I am trying to solve the $2\times 2$ matrix $$\begin{bmatrix} 0 &1 \\ -k &-b \end{bmatrix}$$ for a relationship between the variables $k$ and $b$ to determine when a system is stable. Stability means that the real component of the eigenvalues are all $0$ or less.

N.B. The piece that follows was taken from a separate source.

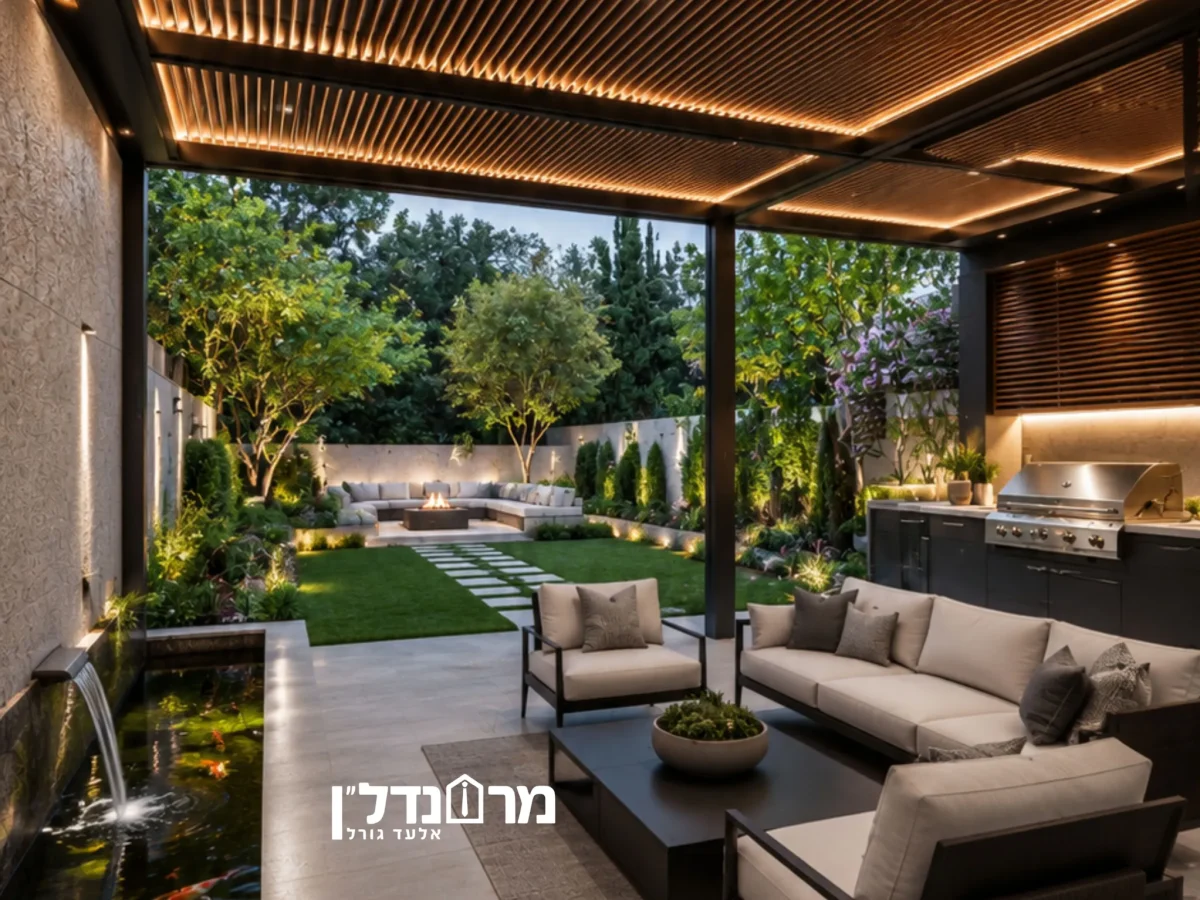 For sale 4-room cottage- Ramat Hasharon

I have sought the eigenvalues and have gotten to the quadratic formula here: eigens $= \frac{-b \pm \sqrt{b^2-4k}}{2}$
I know that the eigenvalues must be less than $0$, but I am having trouble with the algebra to get to a clear relationship.
Any tips?
Going off your formula for the eigenvalues:
If $b^2 - 4k \leq 0$, then the real part of the eigenvalues will be $-\frac{b}{2}$. So in this case, the eigenvalues will have real part less than $0$ if $-\frac{b}{2} \leq 0$, or, equivalently, if $b \geq 0$
If $b^2 - 4k \geq 0$, then the eigenvalues are all real numbers of the form:
$$\frac{-b \pm \sqrt{b^2 -4k}}{2}$$
We always have that:
$$\frac{-b + \sqrt{b^2 -4k}}{2} \geq \frac{-b - \sqrt{b^2 -4k}}{2}$$
So it suffices to only check that $\frac{-b + \sqrt{b^2 -4k}}{2} \leq 0$
$$\frac{-b + \sqrt{b^2 -4k}}{2} \leq 0$$
$$\sqrt{b^2 - 4k} \leq b$$
Since we are considering the positive square root, this equation will never hold if $b$ is negative, so we assume $b$ is positive, allowing us to square both sides:
$$b^2 - 4k \leq b^2$$ $$-4k \leq 0$$ $$4k \geq 0$$
So your solutions: the eigenvalues have real part less than or equal to 0 if:
$b^2 \leq 4k$ and $b \geq0$
or
$b^2 \geq 4k \geq 0$ and $b \geq 0$
Which simplifies to the condition: $b, k \geq 0$